The cutter is named for Coast Guard legend Ellsworth P. Bertholf, who served as captain of the Revenue Cutter Bear during the famous Overland Relief Expedition, earning the Congressional Gold Medal. As the Coast Guard’s fourth commandant, Bertholf oversaw the transfer of the Coast Guard into the Department of the Navy during World War I and advocated for the successful postwar reconstitution of the service.

National security cutters feature advanced command and control capabilities, aviation support facilities, stern cutter boat launch and increased endurance for long-range patrols to disrupt threats to national security further offshore.

The Coast Guard is scheduled to commission its seventh national security cutter, the Coast Guard Cutter Kimball, in 2019. Kimball, along with the Midgett, which is currently under construction, will be homeported in Honolulu and will enhance the Coast Guard’s presence throughout the Indo-Pacific.

“The U.S. Coast Guard’s unique authorities, capabilities, and missions make us the maritime safety and security partner of choice for sea-going countries around the world,” said Capt. John Driscoll, Bertholf’s commanding officer. “Our increased presence throughout the Indo-Pacific will enhance regional stability and improve maritime governance and security.”

In an address to the families and crew before the cutter set sail, Driscoll emphasized how critical family support is to crew wellbeing and readiness.

“Support from our families, wherever they live, is vital to ensuring we are ready to sail and answer the demands of our nation,” Driscoll said. “We must ensure our families are ready to weather the storm at home.
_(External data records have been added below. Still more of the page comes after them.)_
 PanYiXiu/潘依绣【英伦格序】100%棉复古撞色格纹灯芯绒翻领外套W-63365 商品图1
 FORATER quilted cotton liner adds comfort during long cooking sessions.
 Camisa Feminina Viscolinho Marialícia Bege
We operate in a dangerous and high-consequence environment, and your ability to focus on mission can become easily compromised if you are worried about family.”

Fagan acknowledged the current lapse in appropriations and government shutdown has added stress and feelings of uncertainty to the typical emotions that surround a cutter departure.
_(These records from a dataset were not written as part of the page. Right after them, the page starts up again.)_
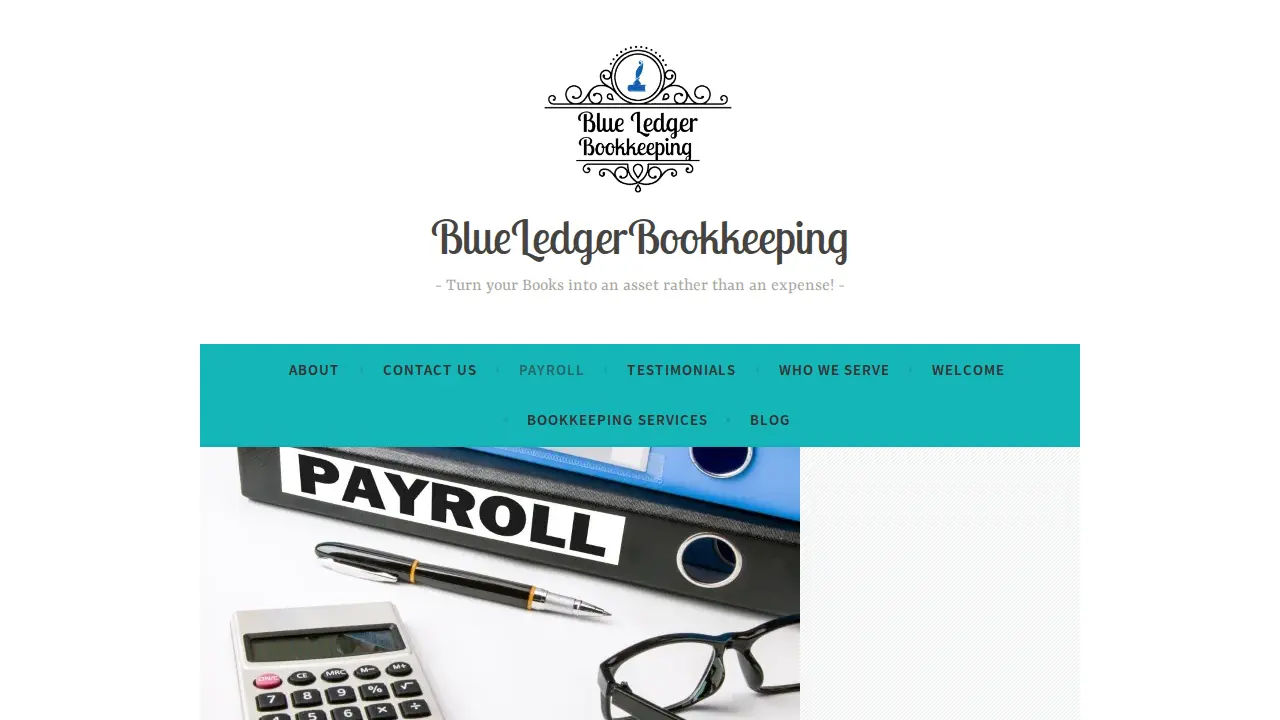Blue Ledger Bookkeeping page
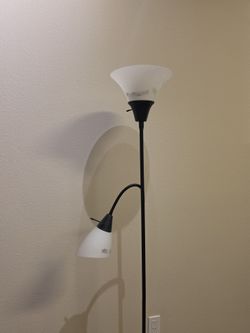 Black Torchiere Floor Lamp with Reading light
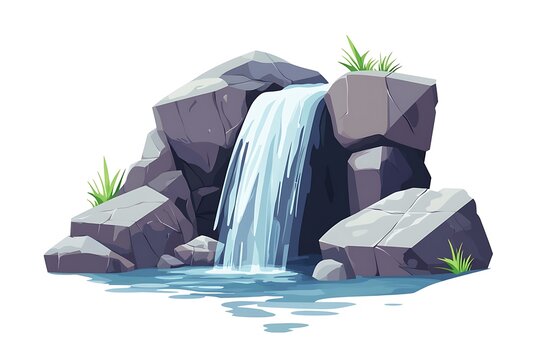 waterfall flowing over gray rocks clip art preview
“I know it is hard for these crews to be leaving behind their dependents and spouses – it’s a thousand times more so when everyone is wondering when our next paycheck will be, and how they can support the family they are leaving behind,” Fagan said.

“There has been an incredible outpouring of support for the families here in the Alameda area, but the tension and the anxiety for the crew is real,” said Fagan. “We are standing by to help support those families who are left behind the same way that we are going to support the crew as they sail for the Western Pacific.”